How could a writer like that, a trail blazer of the 1920s, just disappear?

When I was younger, I thought that stories lived forever. That writers, the creators of stories, could not die, because they lived on in their stories. That is why I wanted to become a writer. I wanted to touch as many lives as possible…even when I was gone. It wasn’t until I started researching Zora Neale Hurston’s life that I discovered that the lives we live are many and cannot be defined through our writing. Also, that we writers don’t know who we will touch or how we will touch them until we are gone.

This is a story about Zora the person and how she came to speak to me.

copy of their eyes were watching god

It started with a copy of Their Eyes Were Watching God that I found in a bookstore many years ago. I had no idea who Zora Neale Hurston was or what this book was about at the time, but I really liked the title and felt like this book had something to say to me. Coincidentally, I was also reading Alice Walker’s The Color Purple around this time. I was going through an Oprah phase and came across an interview of hers where she talks about the impact that Walker’s novel had on her life (and the somewhat miraculous story of how she got the part of Sofia in the movie… Google it!). At the time, I didn’t know that there was any connection between both writers. If someone would have asked me, I would have said, “I guess they’re both writing about the South.” But I would later discover that Walker played a pivotal role in Hurston’s life, in how she is remembered. And vice versa.

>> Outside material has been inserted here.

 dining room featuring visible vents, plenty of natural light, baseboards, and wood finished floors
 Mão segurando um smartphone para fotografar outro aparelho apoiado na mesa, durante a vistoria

I never got through Their Eyes. I found the Southern accent Hurston wrote it in to be too confusing and hard to keep up with. But it always stayed there on my shelf, taunting me, as if to say: “you must read me.”  


When I started researching Zora Neale Hurston for a project about art and the Harlem Renaissance, I had no clue what I would find. I knew that Hurston had been a prominent writer of the Harlem Renaissance and that she had belonged to a group of Harlem writers that called themselves the Literati (or Niggerati, as Hurston referred to them). I also knew that she was from the South, originally. Other than that, I was clueless. I was also not very curious, unfortunately. Not being from the South, or even American, I didn’t really care that much about race-as a topic- or what Hurston’s writing might stand for in America. Nonetheless, something about her character, intrigued me. I was interested to know more about this Southern writer who had risen to the top of Renaissance writing and then disappeared from literature for 40 or so years. What had happened?

This time, I wouldn’t give up on her so easily.